● **DIRECTIONS**
Only one span of the listing below should come back. It runs from the line with "Sabalenka nach hartem Kampf weiter" through the line with "Apartment Luxury Glam", and each of its lines must be reproduced exactly.

● **RECORD SET**
****************
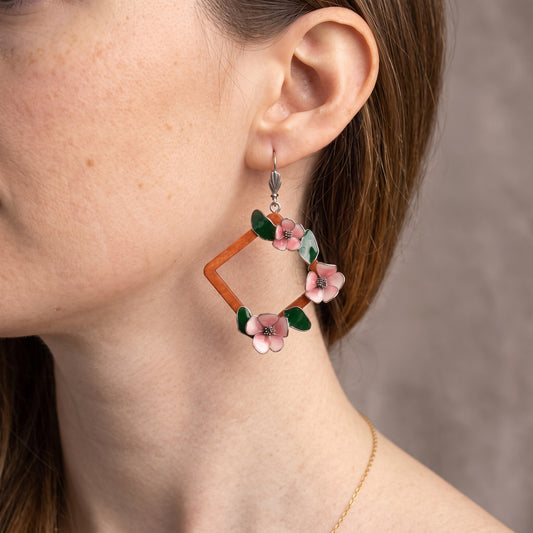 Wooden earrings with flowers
****************
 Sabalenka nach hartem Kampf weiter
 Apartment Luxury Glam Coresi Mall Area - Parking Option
****************
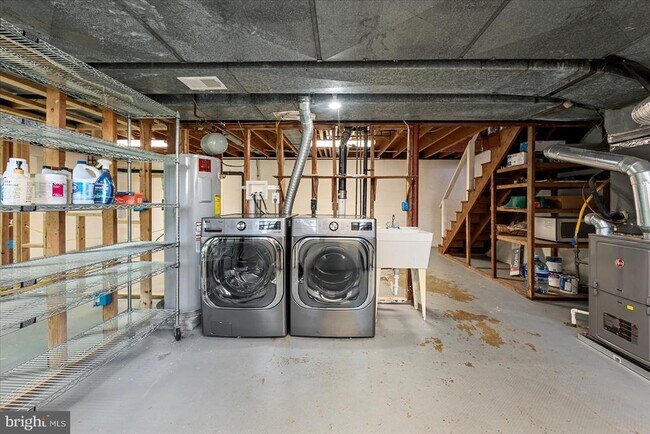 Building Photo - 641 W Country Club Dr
****************
● **RESULT BELOW**
 Sabalenka nach hartem Kampf weiter
 Apartment Luxury Glam Coresi Mall Area - Parking Option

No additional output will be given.